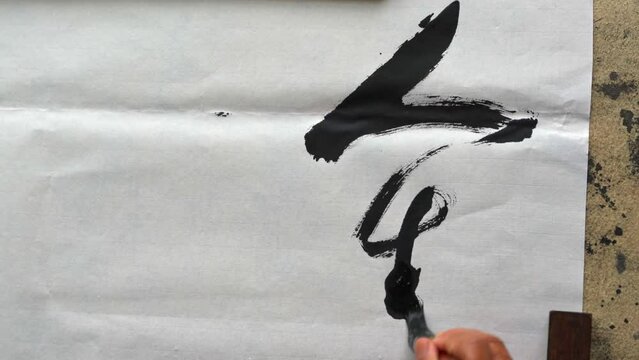 An old calligrapher is creating and writing Chinese calligraphy works. Translation: Chinese Traditional Tang Poems and Calligraphy Poems.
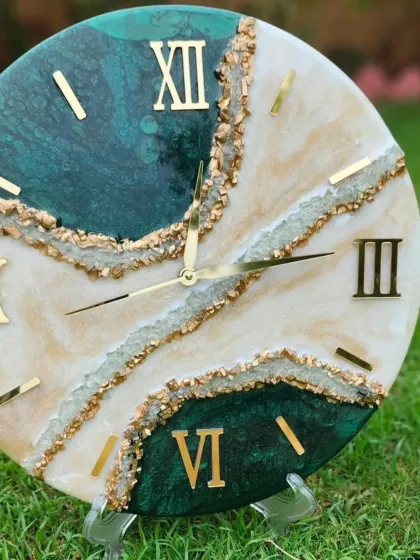 I design and create custom resin clocks that are both beautiful and functional. This geode-style clock features emerald green and pearly white pigments with gold accents, creating a luxurious piece of wall decor that looks like a natural stone formation.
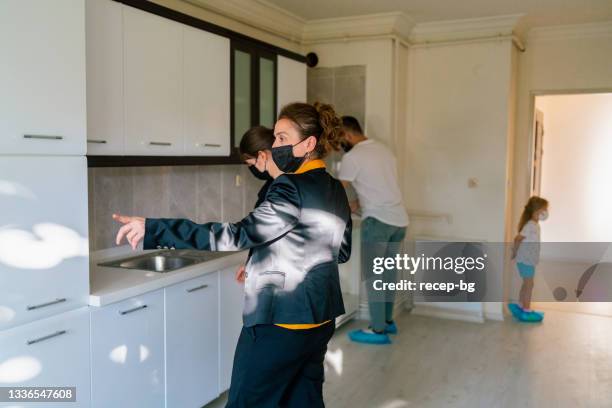 female real estate agent showing unfurnished house to married young couple with their daughter - search new home stock pictures, royalty-free photos & images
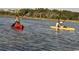 Two people enjoy kayaking on the water, providing a relaxing outdoor activity with serene views of the surroundings at 222 Atlantic Breeze St., Myrtle Beach, SC 29572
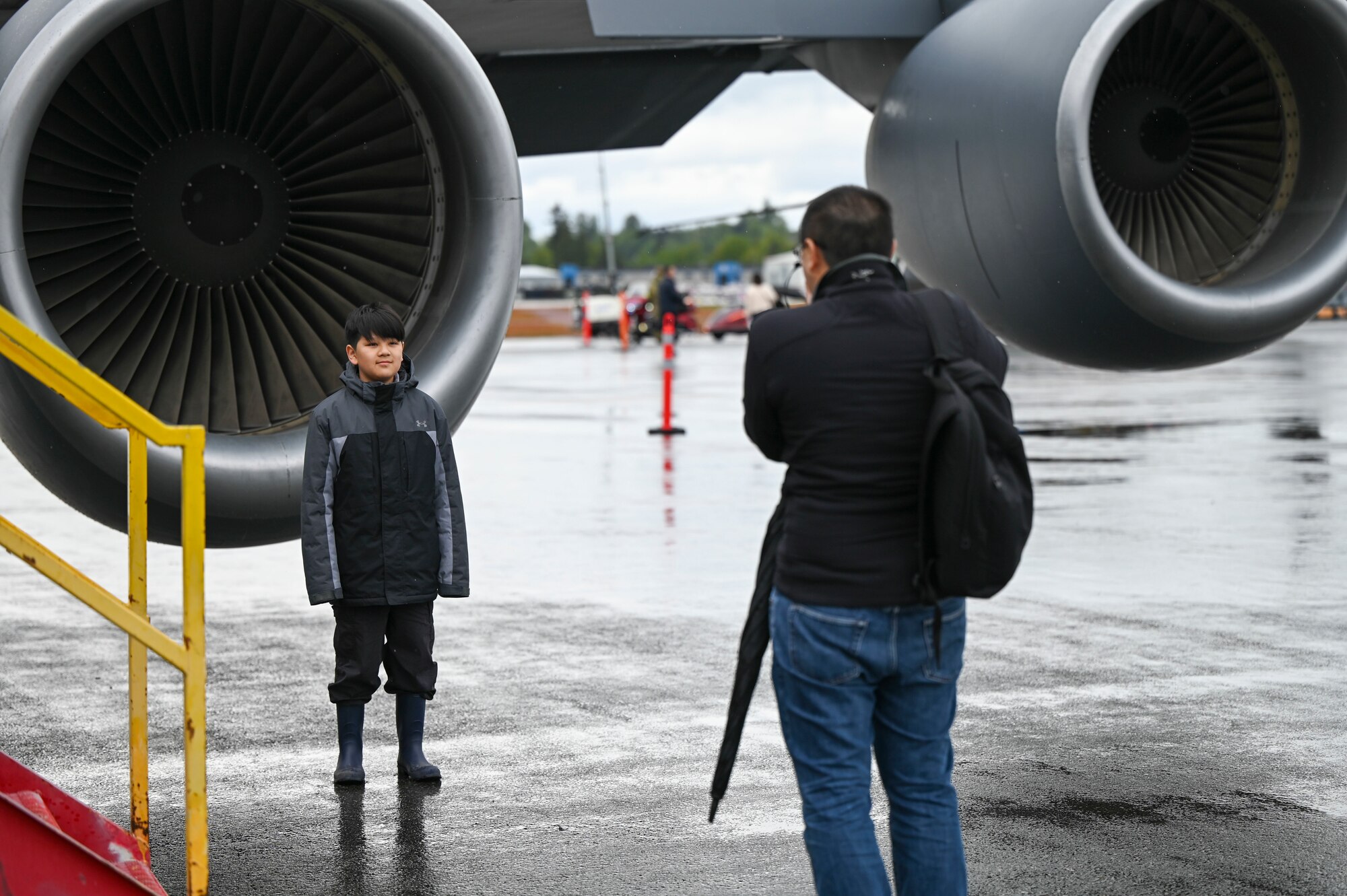 A man takes a photo of a child in front of a KC-135 Stratotanker.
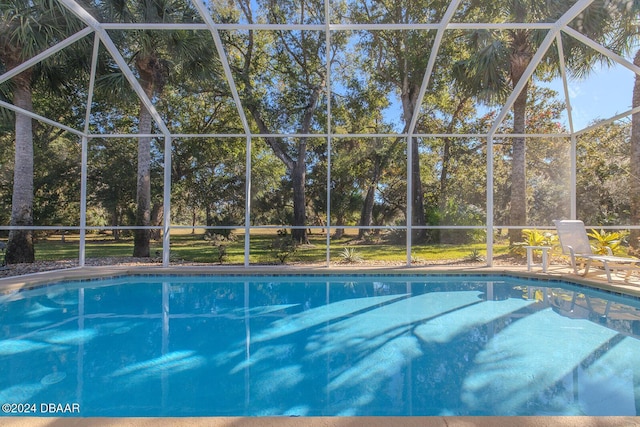 view of pool featuring a lanai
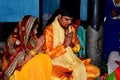 Treditional worshipping of god performing by an Indian Family. The family bearing an Indian dress in suffron colour.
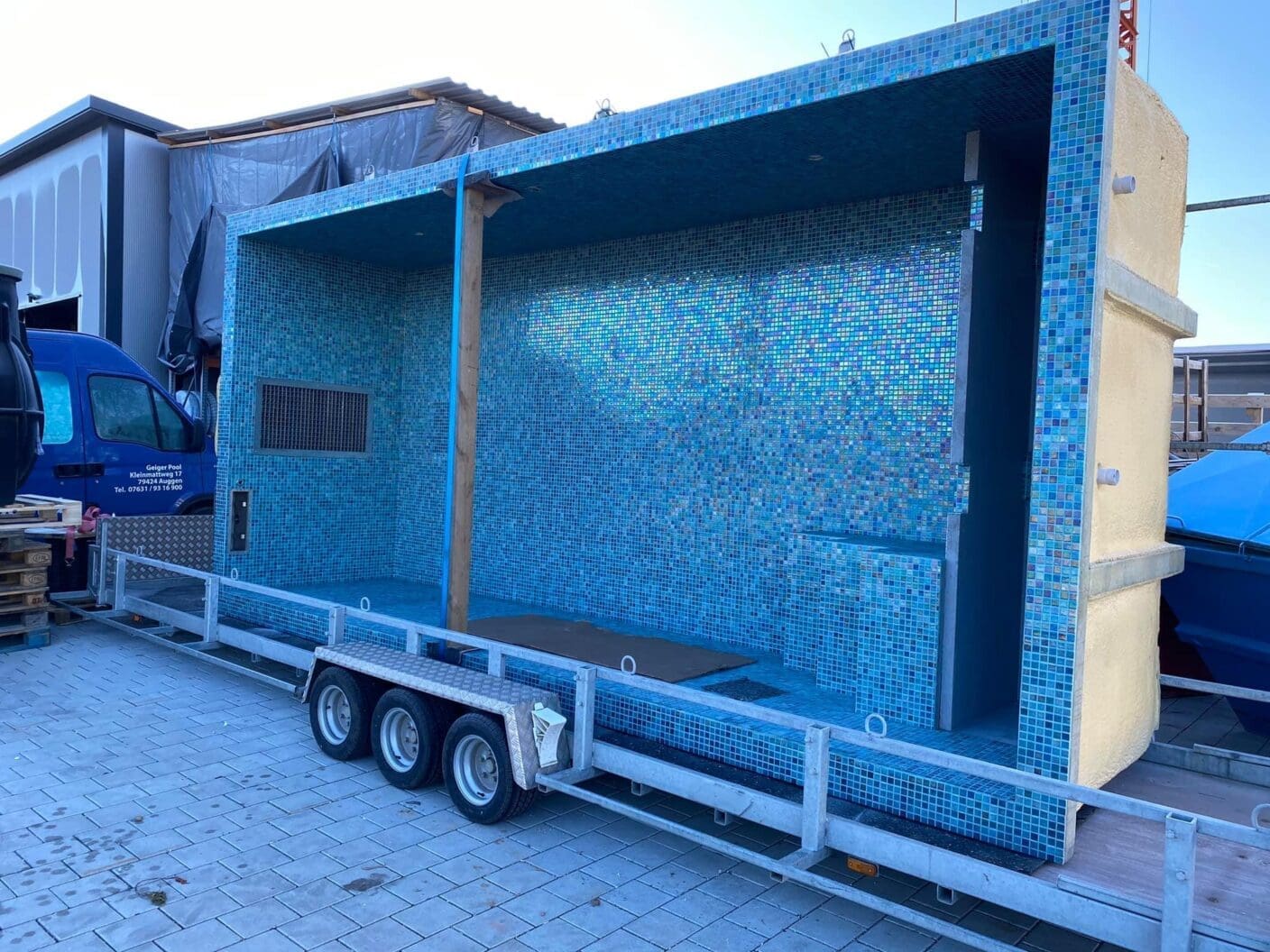 Blue-tiled pool shell rests on a triple-axle trailer, empty and supported by a vertical wooden post in a paved industrial yard beside vehicles and pallets. Text on van (partially legible): "Geiger Pool" "Tel. 0761 / 93 16 900" (other small text illegible).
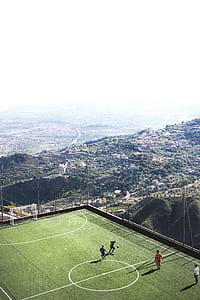 soccer player playing on soccer field thumbnail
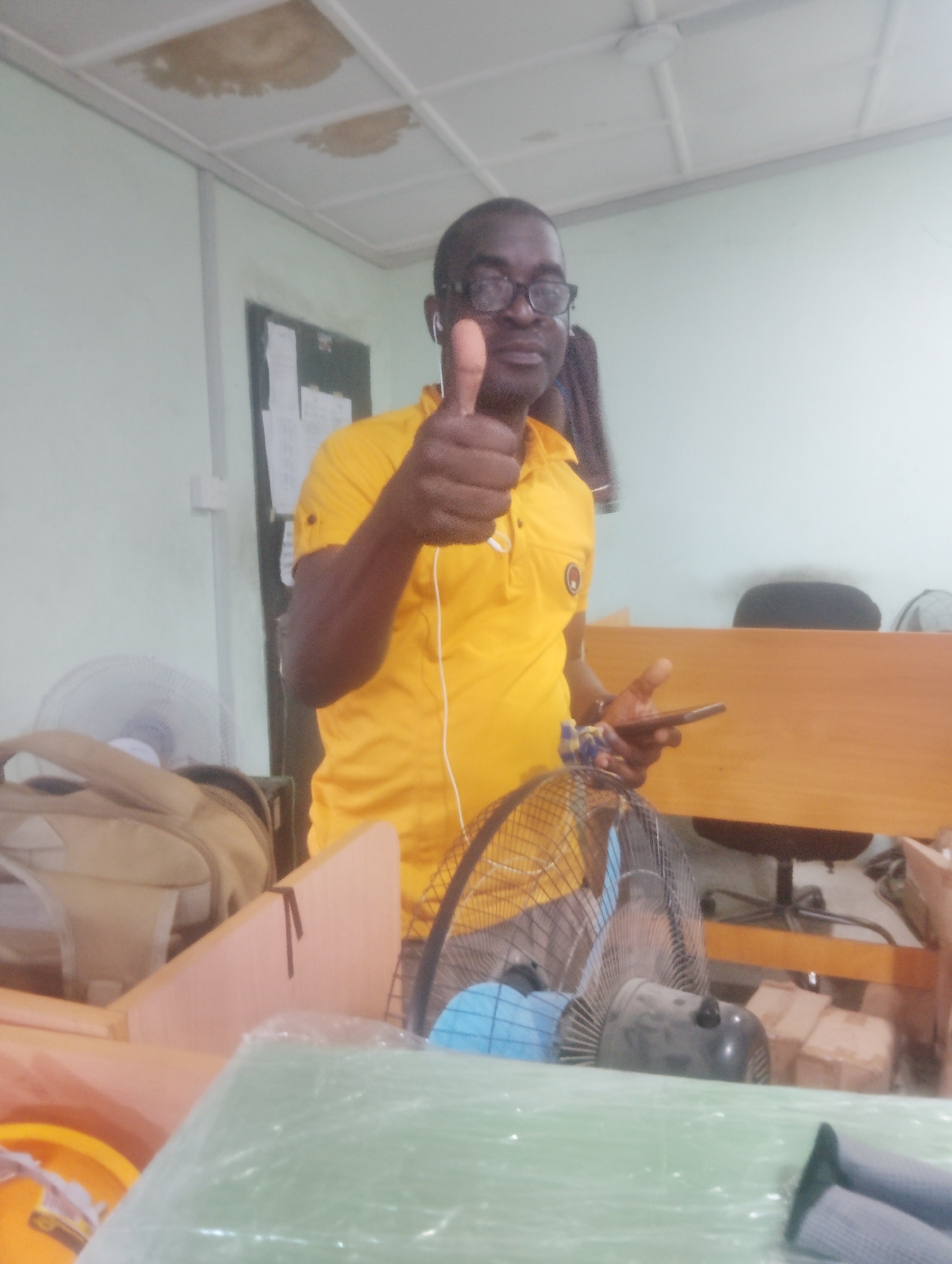 A medium shot captures a man in a yellow polo shirt wearing glasses and standing in what appears to be an office or storage space. He is holding a smartphone in his right hand and giving a thumbs-up with his left hand, suggesting a positive sentiment or approval. The background reveals a cluttered environment with office furniture, fans, bags, and cardboard boxes. The ceiling shows signs of water damage, with discolored patches indicating a potential leak. The scene is set in Ikeja, Nigeria, further suggesting it is an interior shot within a commercial or administrative building. The lighting is moderate, illuminating the man and his immediate surroundings, while the background remains somewhat dim.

- - - - -

- About this exercise -
Please retype the listing above word for word, skipping each picture.

- Written answer -
 An old calligrapher is creating and writing Chinese calligraphy works. Translation: Chinese Traditional Tang Poems and Calligraphy Poems.
 I design and create custom resin clocks that are both beautiful and functional. This geode-style clock features emerald green and pearly white pigments with gold accents, creating a luxurious piece of wall decor that looks like a natural stone formation.
 female real estate agent showing unfurnished house to married young couple with their daughter - search new home stock pictures, royalty-free photos & images
 Two people enjoy kayaking on the water, providing a relaxing outdoor activity with serene views of the surroundings at 222 Atlantic Breeze St., Myrtle Beach, SC 29572
 A man takes a photo of a child in front of a KC-135 Stratotanker.
 view of pool featuring a lanai
 Treditional worshipping of god performing by an Indian Family. The family bearing an Indian dress in suffron colour.
 Blue-tiled pool shell rests on a triple-axle trailer, empty and supported by a vertical wooden post in a paved industrial yard beside vehicles and pallets. Text on van (partially legible): "Geiger Pool" "Tel. 0761 / 93 16 900" (other small text illegible).
 soccer player playing on soccer field thumbnail
 A medium shot captures a man in a yellow polo shirt wearing glasses and standing in what appears to be an office or storage space. He is holding a smartphone in his right hand and giving a thumbs-up with his left hand, suggesting a positive sentiment or approval. The background reveals a cluttered environment with office furniture, fans, bags, and cardboard boxes. The ceiling shows signs of water damage, with discolored patches indicating a potential leak. The scene is set in Ikeja, Nigeria, further suggesting it is an interior shot within a commercial or administrative building. The lighting is moderate, illuminating the man and his immediate surroundings, while the background remains somewhat dim.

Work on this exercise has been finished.